Give the data again exactly as it appears, excluding any pictures.

---- INFORMATION SHOWN

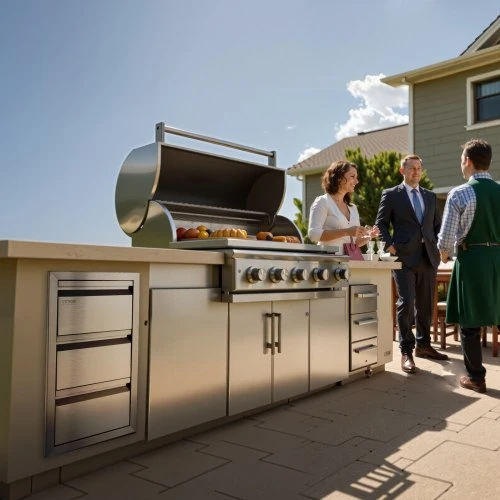 Koduva VEVOR 201 nerūdijančio plieno trigubas stalčius lauko virtuvei ir BBQ salai, 48,3 x 66 cm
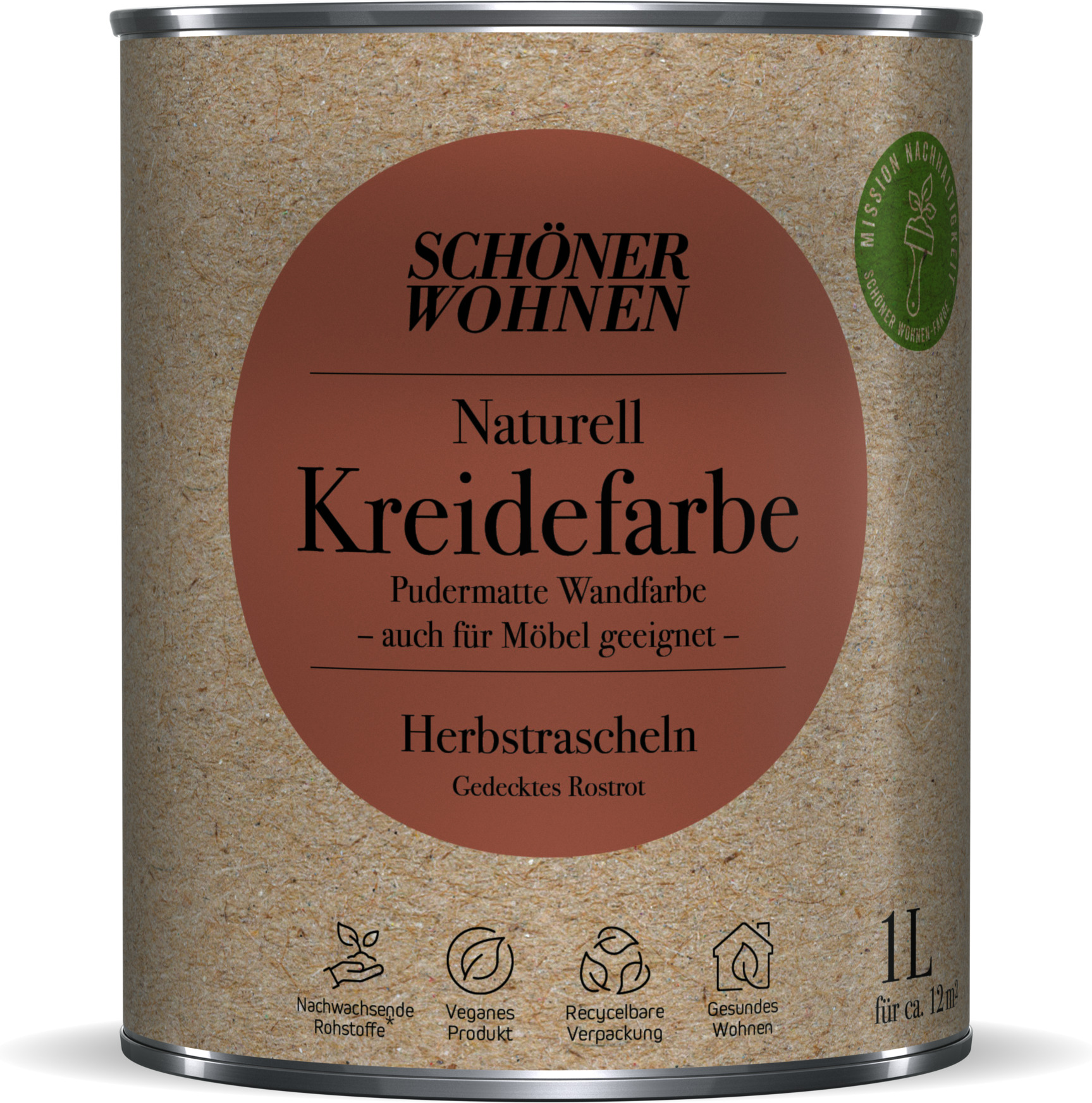 Schöner Wohnen Farbe Naturell Kreidefarbe 'Herbstrascheln' rostrot matt 1 l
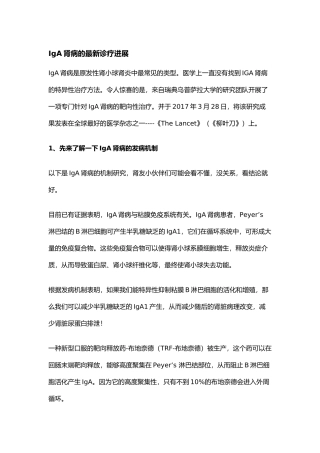 IgA肾病最新研究进展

--------

- [SOLUTION BELOW]:
 Koduva VEVOR 201 nerūdijančio plieno trigubas stalčius lauko virtuvei ir BBQ salai, 48,3 x 66 cm
 Schöner Wohnen Farbe Naturell Kreidefarbe 'Herbstrascheln' rostrot matt 1 l
 IgA肾病最新研究进展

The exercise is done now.